* EXERCISE DETAILS *
Nothing below is to be printed except the lines between the line holding "Reformation Red Floral Two-Piece Dress" and the line holding "black and white", inclusive, each exactly as it appears.

* LISTED RECORDS *
---------------
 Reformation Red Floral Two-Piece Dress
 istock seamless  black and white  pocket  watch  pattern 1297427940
---------------
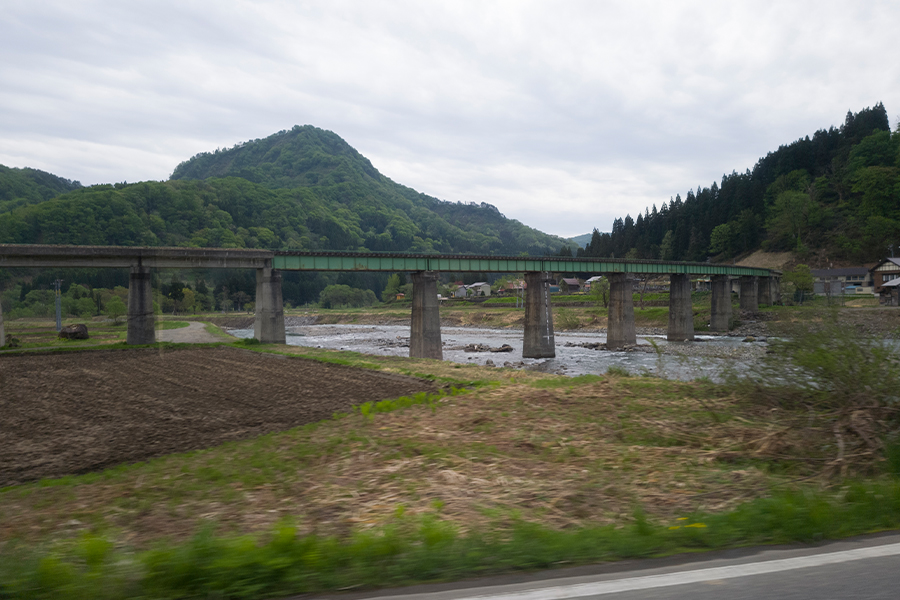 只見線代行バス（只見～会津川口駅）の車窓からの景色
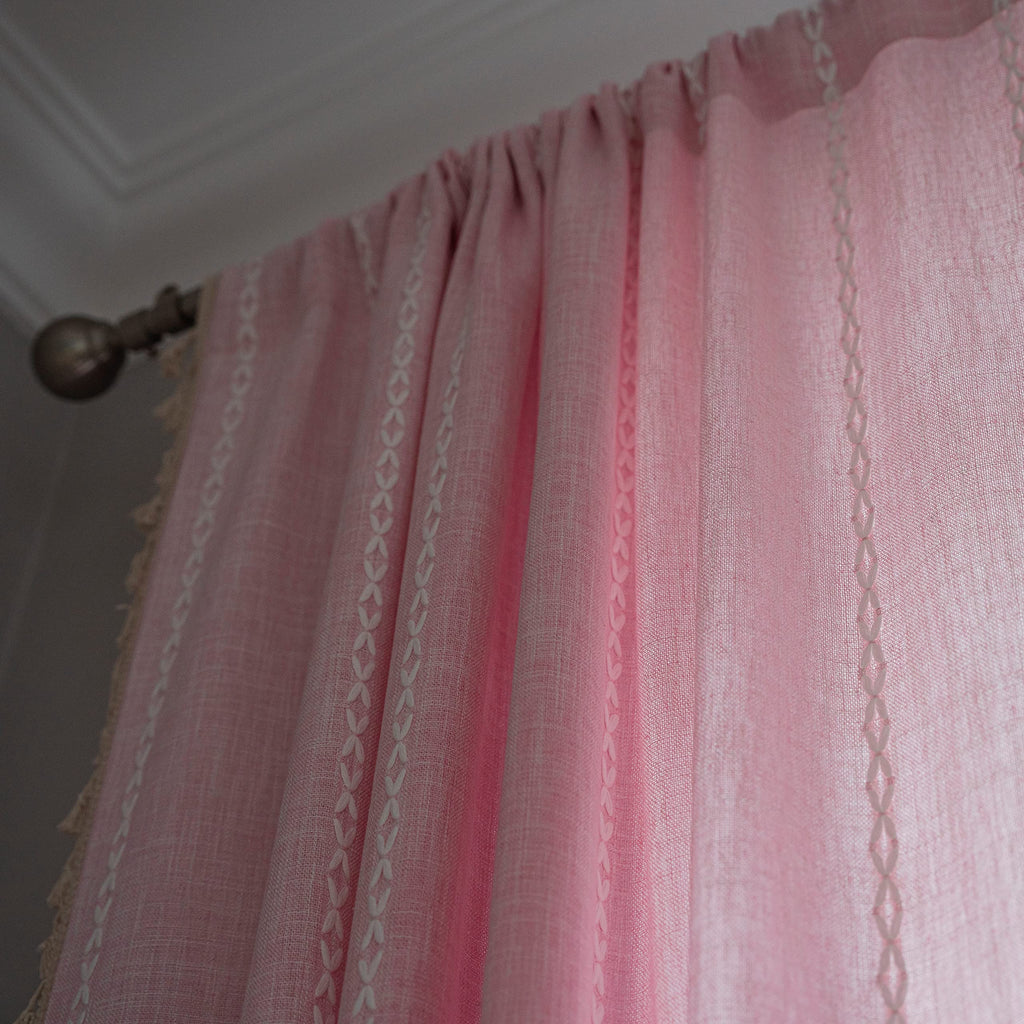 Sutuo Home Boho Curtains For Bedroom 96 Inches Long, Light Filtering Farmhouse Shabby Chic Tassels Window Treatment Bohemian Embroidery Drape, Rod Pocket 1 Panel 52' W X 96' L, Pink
---------------
* OUTPUT OF THE TASK *
 Reformation Red Floral Two-Piece Dress
 istock seamless  black and white  pocket  watch  pattern 1297427940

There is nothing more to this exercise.